Citizenship is the most precious gift a country can give to its people, according to former Progressive Liberal Party MP George Smith, but he says the Bahamian government has been “mean” in its effort to present this gift to some people.
As a guest on Love 97’s radio talk show Jones and Co., Smith was asked, why didn’t the government, which led The Bahamas to independence in 1973, make it simple for people who were born in the country to become citizens?
Smith, who was one of the men who signed the constitution of the Bahamas in December 1972, which led to independence in 1973, said the government back then was “mean” and “selfish.”
“I’m prepared to admit that yes, we were mean. Yes, we were selfish because the greatest gift any country can give anybody is citizenship,” Smith said.
Even though the government has made provisions for children born in The Bahamas to foreign nationals to apply for citizenship by the age of 18, Smith said there are still many people in the country who ought to be given citizenship.
He explained that these persons do not have citizenship because their applications are not being processed by the Department of Immigration.
Smith pointed out that the Constitutional Review Commission recommended that a body should be appointed to process the applications of the thousands of people born in The Bahamas to foreign nationals who are entitled to citizenship.
“The government continues to be inactive in putting in place a mechanism by which these applications could and should be considered,” Smith explained.

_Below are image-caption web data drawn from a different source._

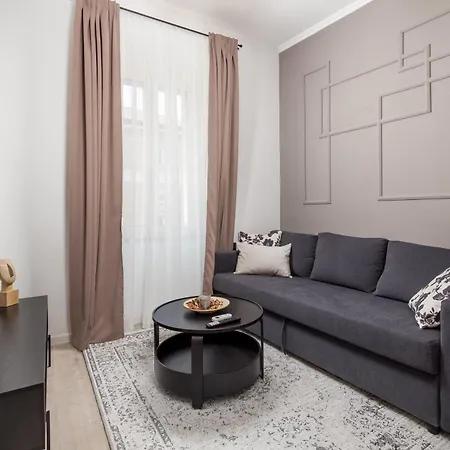 Molo Longo - Downtown * Rijeka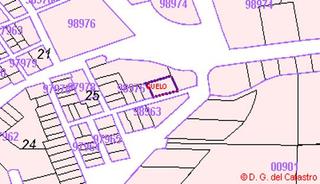 Terreno residenziale in Nou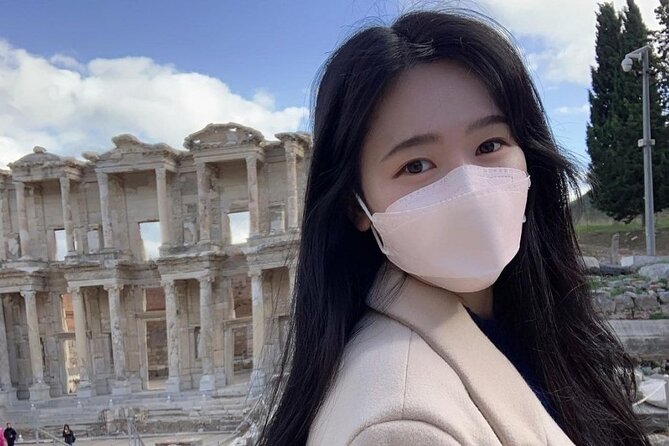 Skip-the-Line Half-Day Ancient Ephesus Tour With House of Virgin Mary - Booking Process and Flexibility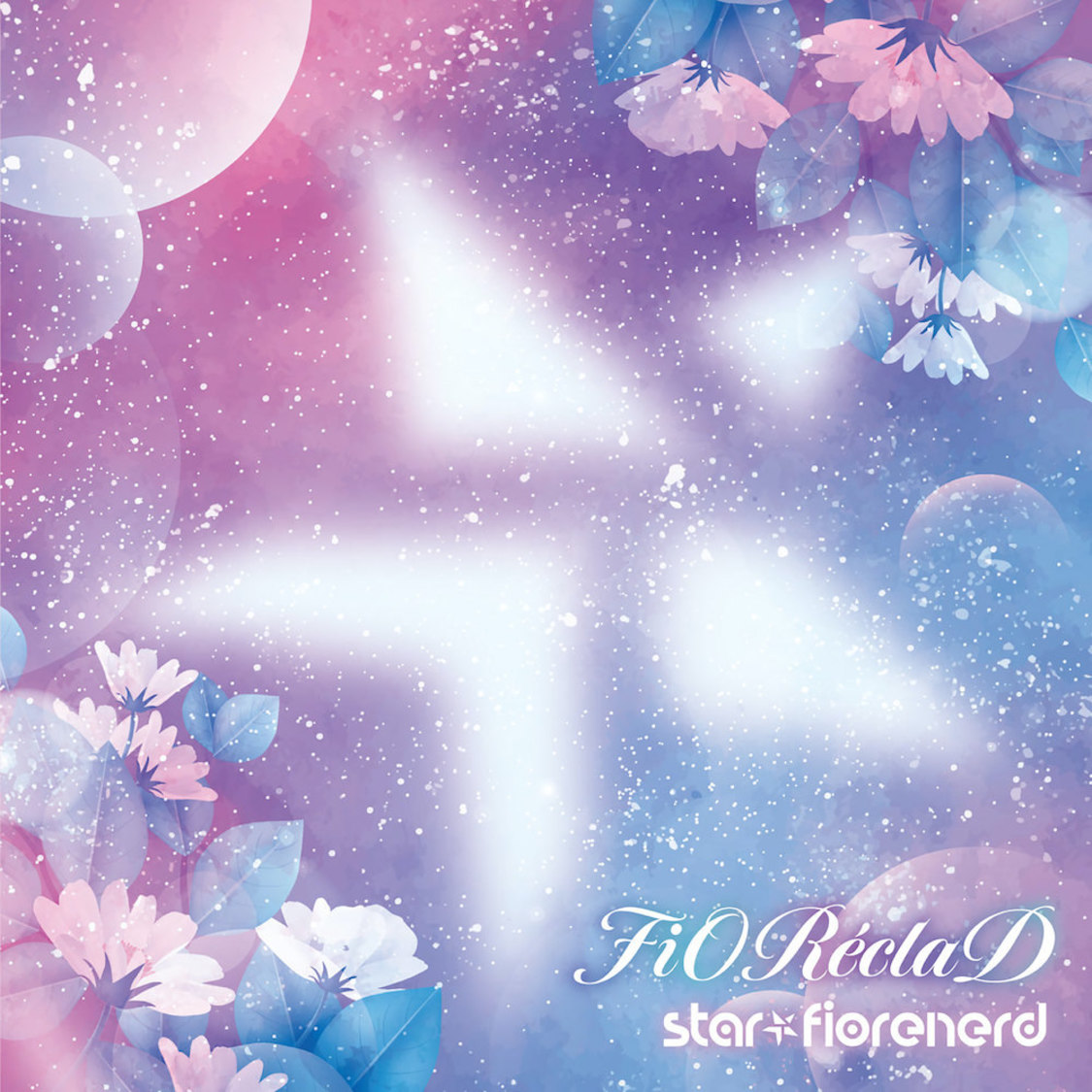1st EP『FiORéclaD』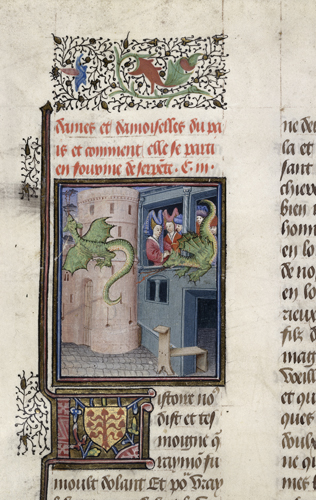 Margaret Cooter Poetry Thursday Melusine By George Trakl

In 1972, when the constitution was signed, Smith clarified that the government didn’t anticipate the problems it is experiencing now as it relates to granting Bahamian citizenship to persons born in The Bahamas to non-Bahamian parents.

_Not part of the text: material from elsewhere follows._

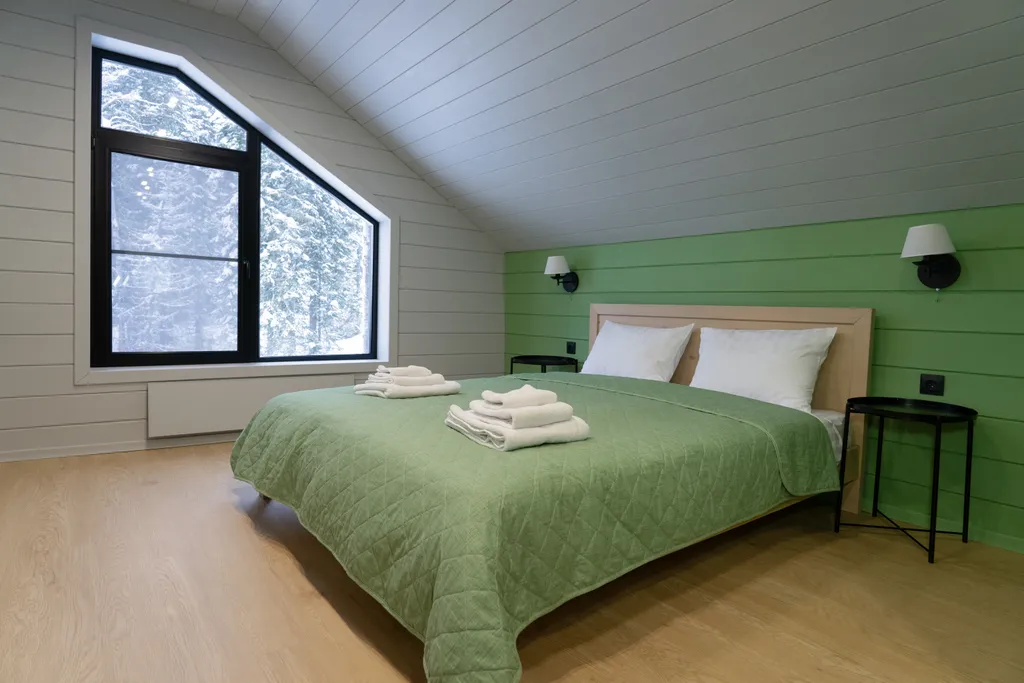 4-комнатный Дом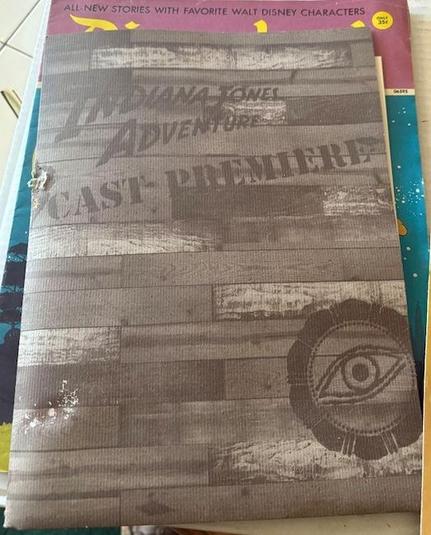 Pamphlet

He said at that time, the government representatives who attended the constitutional signing in London were preoccupied in becoming an independent country and believed that any problems would be fixed upon their return home.
According to Smith, their belief at that time was, “Whatever is wrong we can fix when we go home. Give us the thing (the constitution) so we can go home and be independent.”

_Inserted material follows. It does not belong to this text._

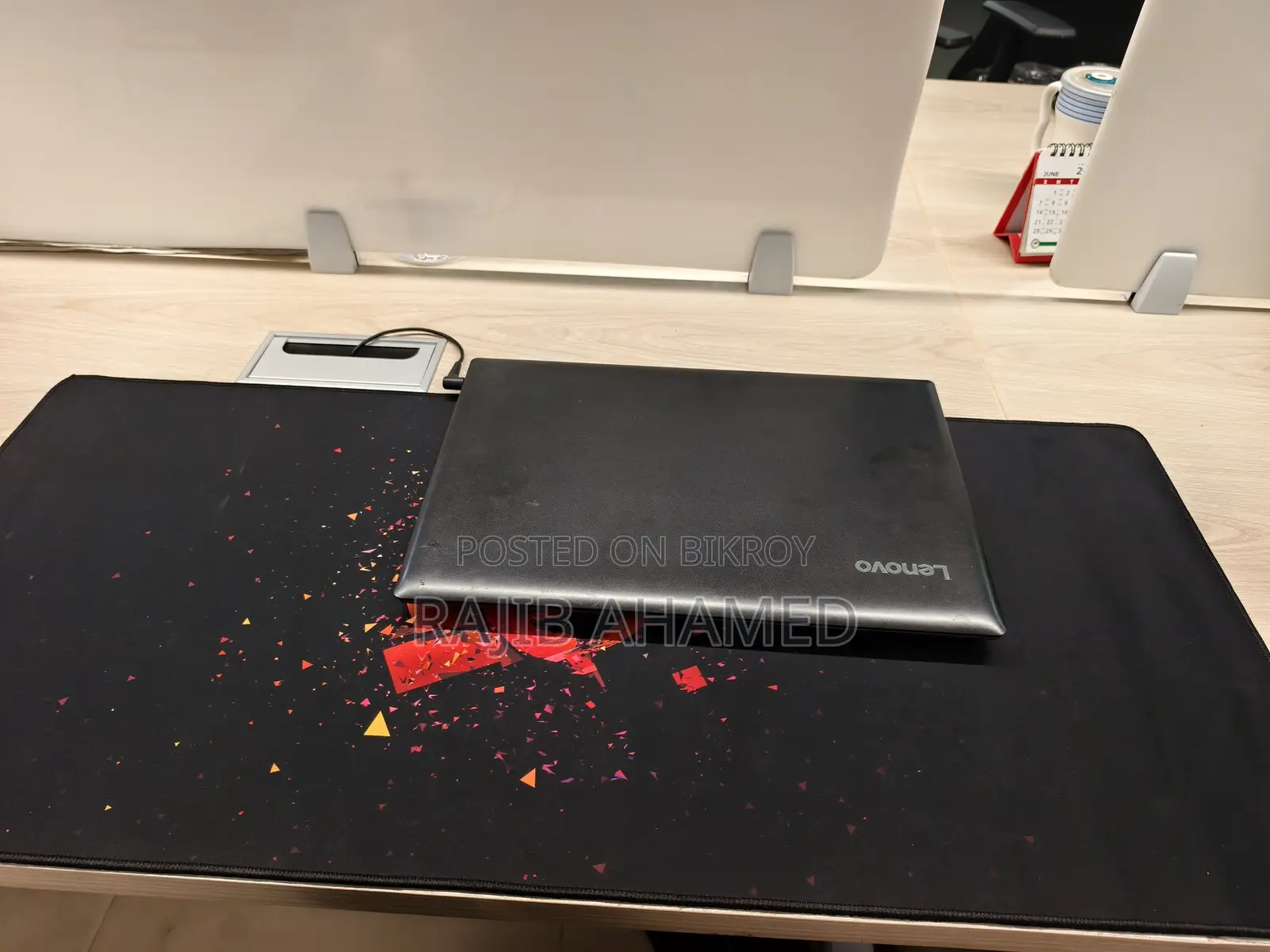 Laptop Lenovo IdeaPad 330 8GB Intel Core I5 HDD 1TB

Obtaining Bahamian citizenship was not an issue back then, but it became an issue years later when more illegal immigrants sought The Bahamas as their new home.
Smith noted that Sir Lynden Pindling, the country’s first prime minister, pointed out this issue and other issues the country now faces during a speech he made at the College of The Bahamas in 1997.
As a result, Smith said people would often quote Sir Lynden when they discuss the debate on gender equality.
Last year, debate began in the House of Assembly on the gender equality bills, as the government is seeks to amend the constitution to institute full equality between men and women in matters of citizenship and also eliminate discrimination based on sex.
The first amendment bill seeks to achieve gender equality through the transfer of citizenship. It seeks to give a child born outside The Bahamas to a Bahamian-born mother and non-Bahamian father the same automatic right to Bahamian citizenship that the constitution already affords to a child born outside The Bahamas to a Bahamian-born father and non-Bahamian mother.
The second amendment bill enables a Bahamian woman who marries a foreign man to secure for him the same access to Bahamian citizenship that a Bahamian man has always enjoyed under the constitution in relation to his foreign spouse.
The third amendment bill addresses an area in the constitution that discriminates against men. It will give an unwed Bahamian father the same right to pass citizenship to his child that a Bahamian woman has always had in relation to a child born to her out of wedlock.
Finally, the fourth amendment bill addresses ending discrimination based on sex. It calls for the insertion of the word “sex” in Article 26 of the constitution therefore making it unconstitutional to discriminate based on whether someone is male or female.
This particular amendment has become highly controversial as some observers have suggested that this may be an attempt to allow for same sex marriages.
Currently, the government is continuing its efforts to educate Bahamians on the proposed amendments before a constitutional referendum can he held.